Estar consciente, saber que con esas mismas escasas, escasísimas, letras del alfabeto, no sólo la ficción puede tomar infinitas formas: también el discurso, el discurso no tanto como acto de la facultad discursiva, sino como simple serie de palabras y frases destinadas a manifestar los pensamientos y los sentimientos de alguien —por ejemplo, los míos—, en determinadas circunstancias —éstas, por ejemplo—, representó para mí, durante largas semanas, un obstáculo que conjugaba características contrarias: la altura del muro, la hondura del abismo. No todos los días se ingresa a El Colegio Nacional. No todos los días se acepta y se ejerce la obligación, que a su vez conjuga el placer y el desasosiego, de agradecer, en público, a tan ilustres amigos, a tan insignes compatriotas: científicos, intelectuales, filósofos, poetas, la generosa invitación a acompañarlos en un breve tránsito por la fama, a bordo de una nave en la que también viajan tan esclarecidos fantasmas. No todos los días se tiene un foro de la altura de éste, en el que parecería que, con un poco de suerte y algo de audacia, podríamos arrancarle a la epopeya un gajo.
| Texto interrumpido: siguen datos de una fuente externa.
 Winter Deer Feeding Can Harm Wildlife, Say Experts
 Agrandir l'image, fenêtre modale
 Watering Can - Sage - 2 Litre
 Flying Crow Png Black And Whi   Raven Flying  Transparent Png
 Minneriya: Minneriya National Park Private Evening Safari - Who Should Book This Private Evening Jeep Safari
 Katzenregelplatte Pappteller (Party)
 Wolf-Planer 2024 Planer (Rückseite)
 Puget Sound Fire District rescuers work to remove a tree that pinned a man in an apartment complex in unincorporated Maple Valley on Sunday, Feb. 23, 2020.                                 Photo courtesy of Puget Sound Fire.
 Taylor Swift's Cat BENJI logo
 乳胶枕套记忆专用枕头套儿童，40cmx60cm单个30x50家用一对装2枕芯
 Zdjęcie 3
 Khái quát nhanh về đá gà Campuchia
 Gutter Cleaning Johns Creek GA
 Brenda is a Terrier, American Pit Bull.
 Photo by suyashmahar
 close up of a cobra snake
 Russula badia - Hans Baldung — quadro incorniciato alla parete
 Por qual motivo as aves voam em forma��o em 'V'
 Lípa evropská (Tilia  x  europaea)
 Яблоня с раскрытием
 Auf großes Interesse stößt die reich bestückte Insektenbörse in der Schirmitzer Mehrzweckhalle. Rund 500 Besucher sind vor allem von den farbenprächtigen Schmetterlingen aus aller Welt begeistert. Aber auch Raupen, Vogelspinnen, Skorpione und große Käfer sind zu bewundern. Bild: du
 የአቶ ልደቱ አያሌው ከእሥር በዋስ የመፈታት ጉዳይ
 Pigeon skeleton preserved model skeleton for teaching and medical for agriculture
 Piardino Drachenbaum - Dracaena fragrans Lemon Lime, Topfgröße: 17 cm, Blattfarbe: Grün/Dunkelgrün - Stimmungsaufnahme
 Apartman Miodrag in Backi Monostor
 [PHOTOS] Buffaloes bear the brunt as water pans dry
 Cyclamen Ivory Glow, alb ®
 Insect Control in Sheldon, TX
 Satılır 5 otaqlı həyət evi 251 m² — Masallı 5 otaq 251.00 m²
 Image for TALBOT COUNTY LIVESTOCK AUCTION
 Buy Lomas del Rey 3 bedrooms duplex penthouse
Los extremos de los milagros y las realidades de la creación literaria —supuestos y alados los primeros, sólidas y pedestres las segundas—: por un lado, el espíritu —o genio, o portento— que le dicta sus obras al poeta, “lo que aprendí en las pocas horas en que mi boca estuvo gobernada por el otro —nos dice Juan José Arreola—. Lo que oí, un solo instante, a través de la zarza ardiente”: dictado, revelación que hace del escritor un profeta, un emisario, un médium, un portador del evangelio, y, por el otro, el escritor sordo a los cantos de la divinidad, ciego a los prodigios con los que quisiera obsequiarlo el mensajero, el escritor cuya boca habla sólo por sí misma y que, como el albañil, edifica su casa piedra sobre piedra, palabra sobre palabra: son esos extremos los que de alguna o varias maneras me orientaron en la azarosa tarea de escribir un discurso del que si antes existían, no sólo en la Biblioteca de Babel, sino en las profundidades de mi pensamiento, una infinitud de mil comienzos distintos, de mil distintas versiones, de mil finales, hoy sólo existe una única y huérfana versión que deberá bastarse por sí sola: ésta. Del resto no quedan ya ni las sombras. Lo que no quiere decir necesariamente que esta versión, por artificiosa y retórica que parezca, esté alejada de mis verdaderos sentimientos, pues la verdad, como decía Machado, también se inventa.
En otras palabras, el hecho de meditar en esos y otros extremos, como en la fortuna y el infortunio del poeta, en su triunfo y su fracaso, en su elevación y su caída, en su exaltación y su descrédito, en su divinización y condena, fue el que me condujo, el que me llevará, espero, hasta una salida que presumo airosa, por ese laberinto de posibilidades, por ese bosque enmarañado de disyuntivas, por los que transité, por los que aún tránsito, en equilibrio a duras penas, como el alambrista, entre otros contrarios que también le son al poeta familiares: la claridad y el caos, la plenitud y la vaciedad, la gravedad y la ligereza, la formalidad y el juego, la verdad y la mentira, lo sublime y lo ridículo.